I have some questions regarding how Alloy simplifies integer bounds.

Let's suppose I have the following Alloy model:

abstract sig A {
  f1: lone A,
  f2: lone Int
}
one sig A0,A1,A2,A3 extends A {}
fact {
  f1 in  A0->A0 + A1->A1 + A2->A2
}
run {}

Next I execute the "run command" setting the message verbosity to "debug only". The output says:

{...}
Simplifying the bounds...
Comment: Simplify this/A.f1 16->3
Solver=minisatprover(jni) Bitwidth=4 MaxSeq=4 SkolemDepth=1 Symmetry=20
{...}

The comment line tells us that an upper bound  of size 3 was inferred for relation f1. By inspecting the Kodkod output it is possible to known exactly which are these three tuples : A0->A0, A1->A1 and A2->A2.

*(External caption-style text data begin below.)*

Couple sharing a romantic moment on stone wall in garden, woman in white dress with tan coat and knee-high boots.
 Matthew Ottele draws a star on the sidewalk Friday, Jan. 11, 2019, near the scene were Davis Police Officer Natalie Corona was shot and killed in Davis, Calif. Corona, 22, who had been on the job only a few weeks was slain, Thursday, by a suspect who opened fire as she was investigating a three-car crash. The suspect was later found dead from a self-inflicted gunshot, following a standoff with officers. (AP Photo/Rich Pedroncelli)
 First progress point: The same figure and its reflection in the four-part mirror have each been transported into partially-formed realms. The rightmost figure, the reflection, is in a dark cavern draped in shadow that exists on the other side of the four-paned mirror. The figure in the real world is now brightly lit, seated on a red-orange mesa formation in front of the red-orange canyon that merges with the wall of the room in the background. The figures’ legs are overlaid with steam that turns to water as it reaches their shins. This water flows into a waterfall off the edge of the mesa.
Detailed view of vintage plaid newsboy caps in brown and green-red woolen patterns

Expecting a similar upper bound should be inferred for relation f2, I introduce the following fact to the model

fact {
  f2 in A0-> 0 + A1 -> 1 + A2 ->2
}

The expected upper bound should have only three tuples : A0->0, A1->1 and A2->2. To my surprise, when I execute  the run command again the result was :

{...}
Simplifying the bounds...
Comment: Simplify this/A.f1 16->3
Comment: Simplify this/A.f2 64->48
Solver=minisatprover(jni) Bitwidth=4 MaxSeq=4 SkolemDepth=1 Symmetry=20
{...}

Instead of inferring an upper bound of size 3, Alloy inferred an upper bound that contains 48 tuples. Looking into the Kodkod output I discover that these tuples were exactly : A0 -> Int, A1 -> Int, A2 -> Int. In other words, in the presence of integer atoms, the upper bound was over approximated.

My questions are:

* Is this a desired behavior of the Alloy Analyzer ? Why the component responsible of simplifying the bounds should ?

* Is it possible that the bound simplifier should be more accurate ?

* Could this be a feature request ticket ?

Best--
Juan